CMU Sphinx G2P

We have found that Sequitur G2P fails on Amharic, likely due to Unicode bugs, and since it is no longer really maintained, we looked into alternate G2P tools and found the CMU Sphinx G2P tool.

We have a speech lab installation here:

/proj/tts/tools/g2p-seq2seq/installation/bin/g2p-seq2seq

And we have trained models (so far, only for Amharic) here:

/proj/tts/tools/g2p-seq2seq/models/

To train a model for a new language, please follow the instructions on their Github page.
Make sure your lexicon is in the correct format, e.g.:

abandonando a b a n d o n a1 n d o

One word per line, with the phonetic pronunciation following it, separated by spaces.

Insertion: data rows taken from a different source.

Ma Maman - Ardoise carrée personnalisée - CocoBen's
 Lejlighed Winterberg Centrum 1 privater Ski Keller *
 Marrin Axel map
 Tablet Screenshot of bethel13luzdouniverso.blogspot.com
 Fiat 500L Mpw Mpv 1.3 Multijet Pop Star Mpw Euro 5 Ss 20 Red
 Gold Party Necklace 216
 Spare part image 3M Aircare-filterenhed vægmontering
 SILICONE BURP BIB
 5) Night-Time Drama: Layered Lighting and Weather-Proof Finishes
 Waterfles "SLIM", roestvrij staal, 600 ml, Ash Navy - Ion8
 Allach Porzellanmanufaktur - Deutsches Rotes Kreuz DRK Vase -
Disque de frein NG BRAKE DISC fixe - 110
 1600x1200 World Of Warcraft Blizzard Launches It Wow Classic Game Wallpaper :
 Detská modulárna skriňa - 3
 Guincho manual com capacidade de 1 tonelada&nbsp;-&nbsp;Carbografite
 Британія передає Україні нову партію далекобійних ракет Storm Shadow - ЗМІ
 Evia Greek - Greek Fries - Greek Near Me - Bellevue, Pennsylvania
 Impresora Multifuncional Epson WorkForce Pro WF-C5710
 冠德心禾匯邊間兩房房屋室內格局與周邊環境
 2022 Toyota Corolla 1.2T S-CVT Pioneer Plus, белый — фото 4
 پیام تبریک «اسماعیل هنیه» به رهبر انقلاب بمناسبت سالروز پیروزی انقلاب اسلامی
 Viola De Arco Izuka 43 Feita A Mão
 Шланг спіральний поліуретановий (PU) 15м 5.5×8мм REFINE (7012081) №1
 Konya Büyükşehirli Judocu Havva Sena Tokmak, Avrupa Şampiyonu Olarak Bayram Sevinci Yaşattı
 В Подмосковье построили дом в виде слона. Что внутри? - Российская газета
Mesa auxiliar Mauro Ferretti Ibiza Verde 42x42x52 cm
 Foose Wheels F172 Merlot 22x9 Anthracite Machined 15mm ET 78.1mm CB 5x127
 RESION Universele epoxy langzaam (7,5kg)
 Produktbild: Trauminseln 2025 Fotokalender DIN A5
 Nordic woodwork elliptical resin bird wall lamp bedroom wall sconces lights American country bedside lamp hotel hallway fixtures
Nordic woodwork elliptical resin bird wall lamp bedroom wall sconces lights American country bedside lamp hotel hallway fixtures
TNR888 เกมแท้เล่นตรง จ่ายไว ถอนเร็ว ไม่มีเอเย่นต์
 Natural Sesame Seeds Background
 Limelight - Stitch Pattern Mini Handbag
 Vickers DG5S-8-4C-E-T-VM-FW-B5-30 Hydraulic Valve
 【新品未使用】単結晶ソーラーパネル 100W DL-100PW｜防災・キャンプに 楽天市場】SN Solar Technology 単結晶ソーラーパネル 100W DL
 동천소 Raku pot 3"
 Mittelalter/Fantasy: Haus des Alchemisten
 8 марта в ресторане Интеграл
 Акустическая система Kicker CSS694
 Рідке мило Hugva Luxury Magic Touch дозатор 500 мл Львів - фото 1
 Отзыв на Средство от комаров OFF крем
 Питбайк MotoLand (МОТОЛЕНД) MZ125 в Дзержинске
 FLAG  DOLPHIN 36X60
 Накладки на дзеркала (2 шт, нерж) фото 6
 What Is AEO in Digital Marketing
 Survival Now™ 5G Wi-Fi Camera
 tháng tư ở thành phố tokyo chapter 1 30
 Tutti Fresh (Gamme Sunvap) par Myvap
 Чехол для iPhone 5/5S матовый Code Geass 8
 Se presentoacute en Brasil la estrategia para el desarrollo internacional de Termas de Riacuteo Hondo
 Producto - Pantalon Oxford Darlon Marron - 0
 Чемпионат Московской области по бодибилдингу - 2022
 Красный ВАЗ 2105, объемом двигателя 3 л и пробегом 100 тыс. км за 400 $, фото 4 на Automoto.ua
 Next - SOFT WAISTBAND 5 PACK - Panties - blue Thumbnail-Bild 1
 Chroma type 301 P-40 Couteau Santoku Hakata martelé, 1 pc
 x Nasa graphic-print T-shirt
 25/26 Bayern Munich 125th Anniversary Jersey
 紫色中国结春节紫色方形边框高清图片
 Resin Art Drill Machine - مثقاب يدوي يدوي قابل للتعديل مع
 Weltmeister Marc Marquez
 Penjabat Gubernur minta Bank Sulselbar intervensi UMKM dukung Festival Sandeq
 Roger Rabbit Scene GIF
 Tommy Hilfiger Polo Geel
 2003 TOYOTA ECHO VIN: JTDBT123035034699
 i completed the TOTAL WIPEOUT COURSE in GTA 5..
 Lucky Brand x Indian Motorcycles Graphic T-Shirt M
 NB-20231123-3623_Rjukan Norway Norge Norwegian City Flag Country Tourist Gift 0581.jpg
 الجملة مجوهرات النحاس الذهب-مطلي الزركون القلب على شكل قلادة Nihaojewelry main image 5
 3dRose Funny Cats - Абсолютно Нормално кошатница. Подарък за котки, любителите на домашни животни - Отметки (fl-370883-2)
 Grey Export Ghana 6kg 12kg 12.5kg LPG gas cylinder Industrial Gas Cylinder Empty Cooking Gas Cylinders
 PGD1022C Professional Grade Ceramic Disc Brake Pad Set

To run an existing model (e.g., for Amharic) to get pronunciations for a list of OOV words, do the following:

Please work on kucing, as the dependencies are installed there.
Make sure you have the following line in your .bashrc:
export PYTHONPATH=$PYTHONPATH:/proj/tts/tools/g2p-seq2seq/installation/lib/python2.7/site-packages
Remember to run source ~/.bashrc if you've just added it.
If you want to run the Montreal Forced Aligner, you will have to remove this from your path, and if you want to run g2p-seq2seq again after that you will have to put it back.
Run this command:
/proj/tts/tools/g2p-seq2seq/installation/bin/g2p-seq2seq --decode your_OOV_wordlist --model /proj/tts/tools/g2p-seq2seq/models/babel_amharic/out
The output is your words followed by the predicted pronunciations.